Despite the assault, Jet slammed down on one orc and pierced him with his talons. But the other bodyguard jumped clear, then came on the attack. Shaking and seeing double, the familiar ducked an initial sword cut.
Aoth couldn’t go to his aid. He had his own adversary. The medusa lunged and slashed at his throat.
Gripping his spear with both hands—he’d left his targe behind so he could manage the cursed tree branch—Aoth parried, then riposted with a thrust to the guts. The medusa sidestepped and made it look easy.

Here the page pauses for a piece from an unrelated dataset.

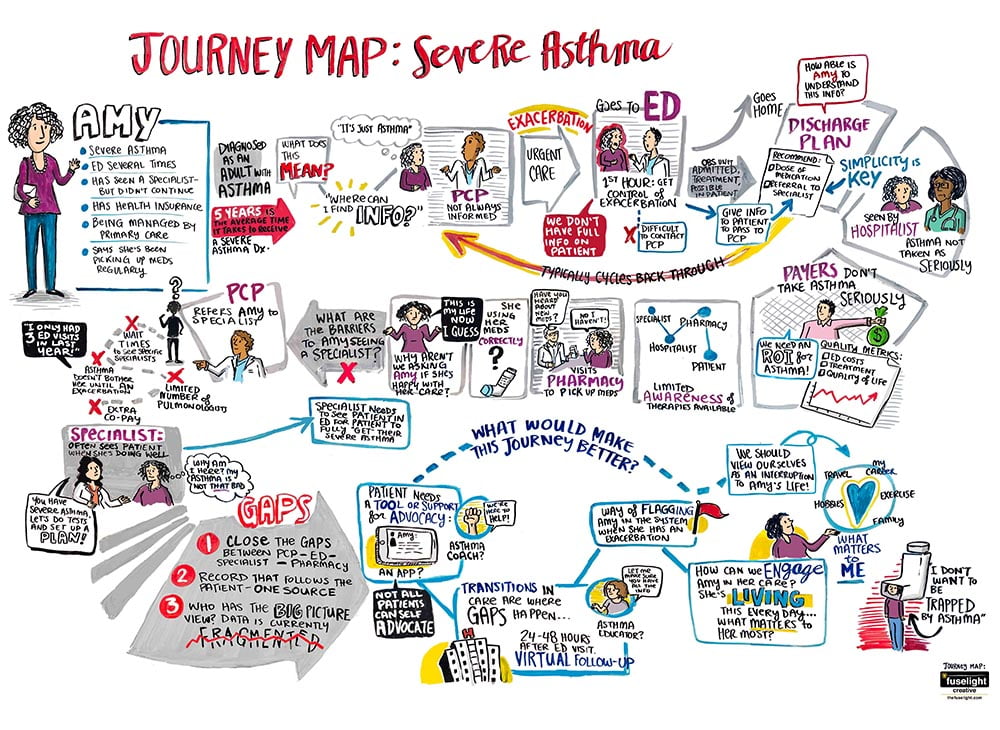 Severe asthma journey map - fuselight creative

Maybe for him it was. As they traded attacks, Aoth observed how economical and precise his adversary’s actions were and how he always returned to a perfect guard after even the fiercest exchange. The creature was as adept with a scimitar as Khouryn was with an axe or Gaedynn, with a bow.
And the poisonous power of a medusa’s gaze stabbed at Aoth whenever the exigencies of the duel obliged him to look his foe in the face. So far it was producing only twinges of headache, but it was bound to break through his defenses eventually.
Judging that he needed to finish the confrontation fast, he retreated right off the relatively flat space where the old fort sat and back onto the slope. He slid again, and swayed as he struggled to keep his balance. But he’d gained the distance and time he needed to rattle off rhyming words of power.